Aim of the task: Leaving the pictures aside, return all of the data below exactly.

◇ ◇ ◇

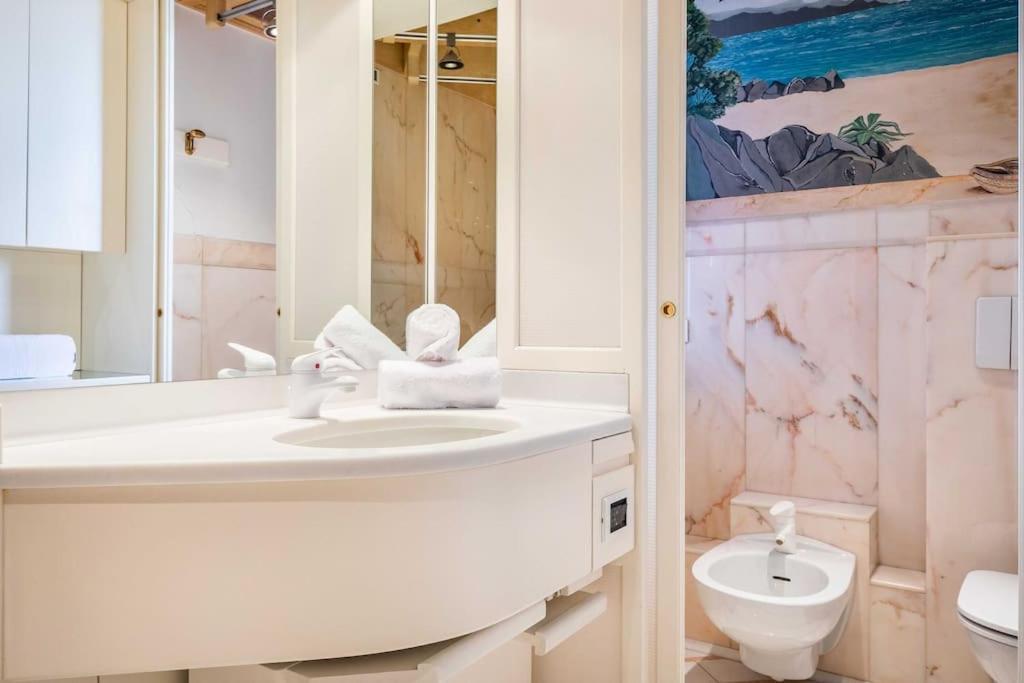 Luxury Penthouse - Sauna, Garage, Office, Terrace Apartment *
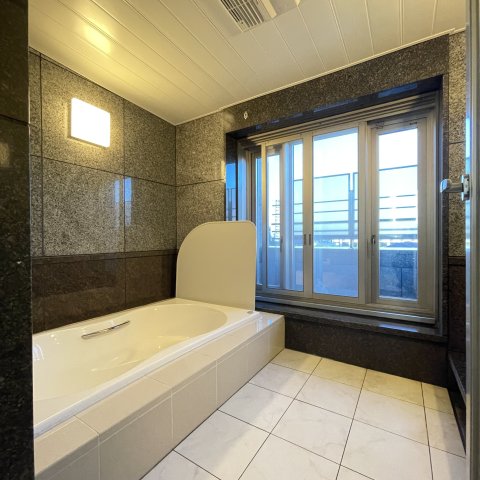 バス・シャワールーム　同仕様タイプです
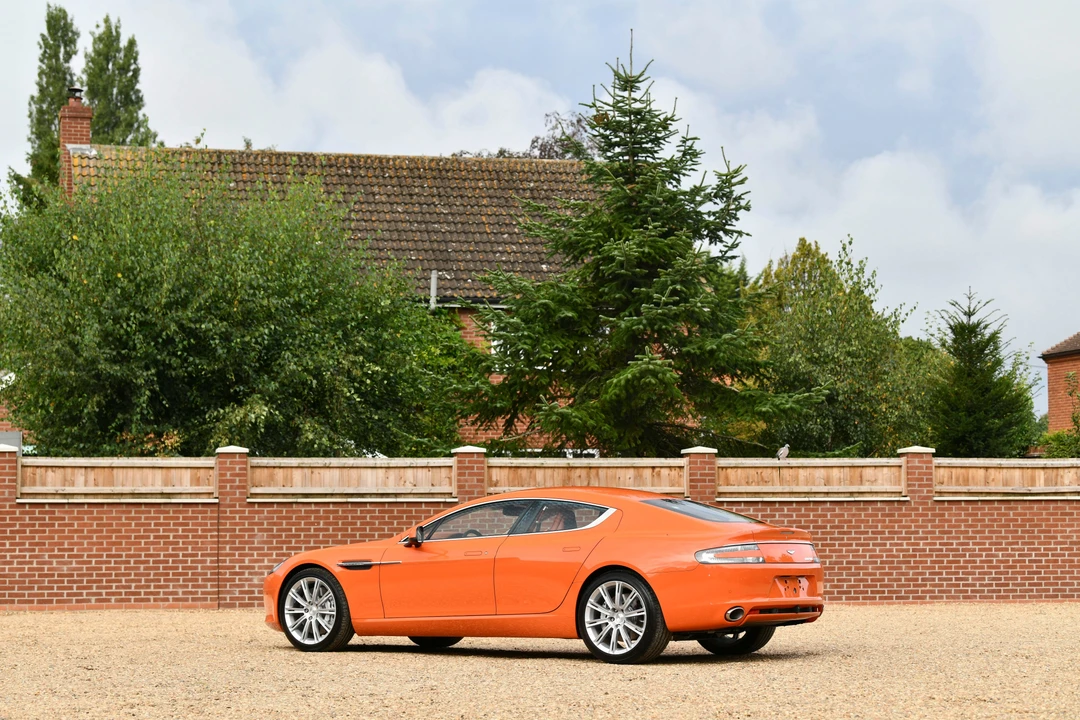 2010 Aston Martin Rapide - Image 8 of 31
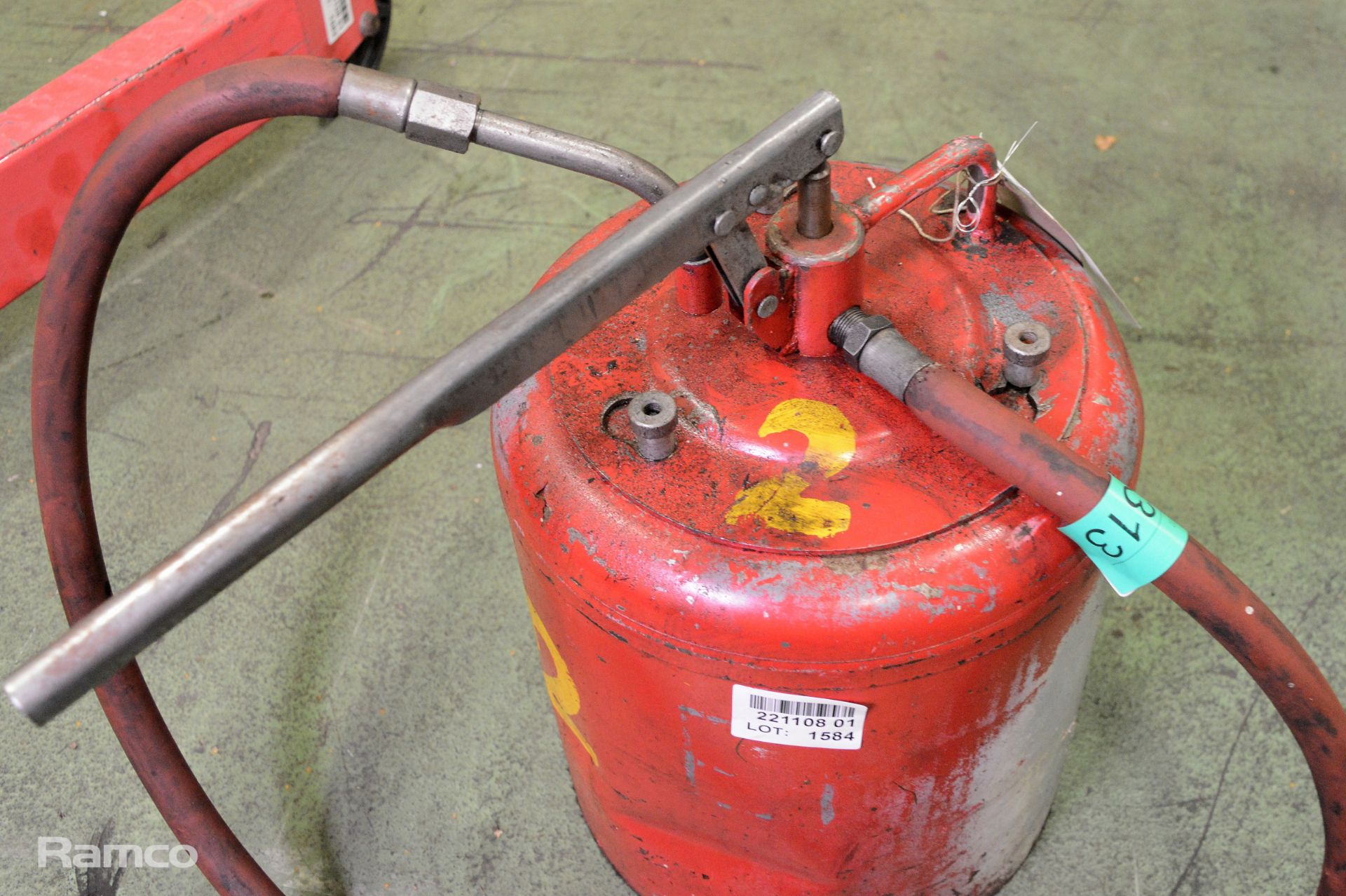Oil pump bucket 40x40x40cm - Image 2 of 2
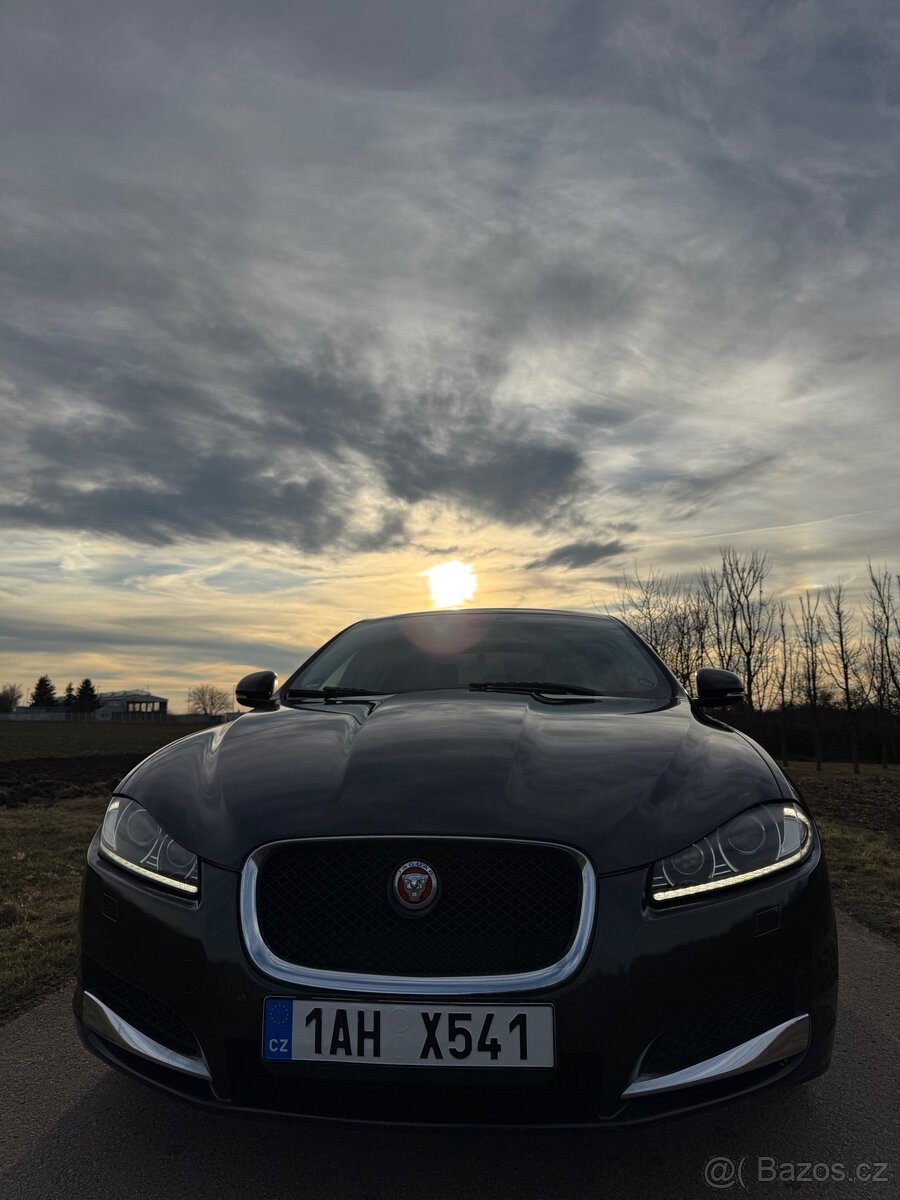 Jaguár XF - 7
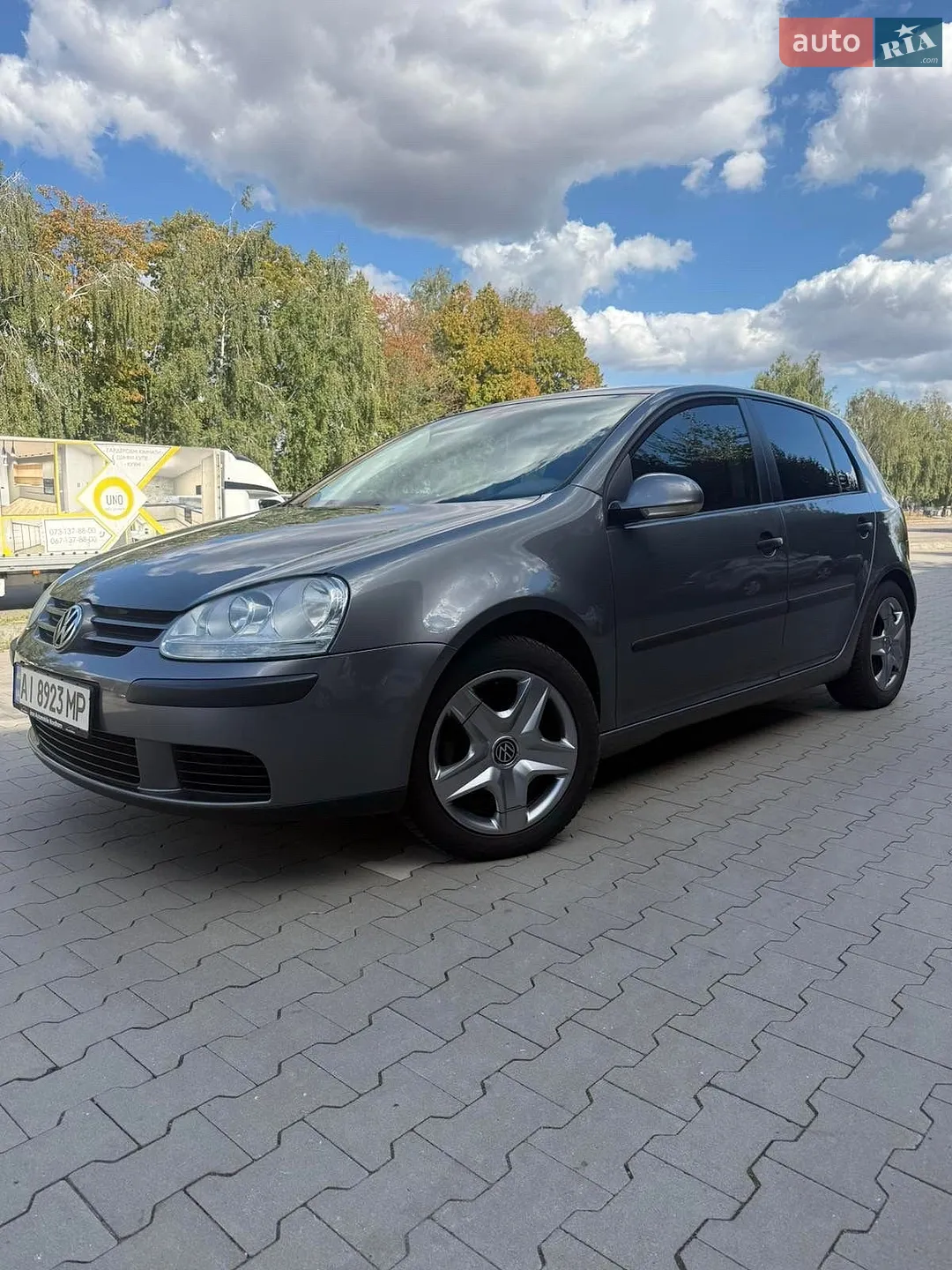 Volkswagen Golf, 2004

◇ ◇ ◇

Solution to the exercise:
 Luxury Penthouse - Sauna, Garage, Office, Terrace Apartment *
 バス・シャワールーム　同仕様タイプです
 2010 Aston Martin Rapide - Image 8 of 31
Oil pump bucket 40x40x40cm - Image 2 of 2
 Jaguár XF - 7
 Volkswagen Golf, 2004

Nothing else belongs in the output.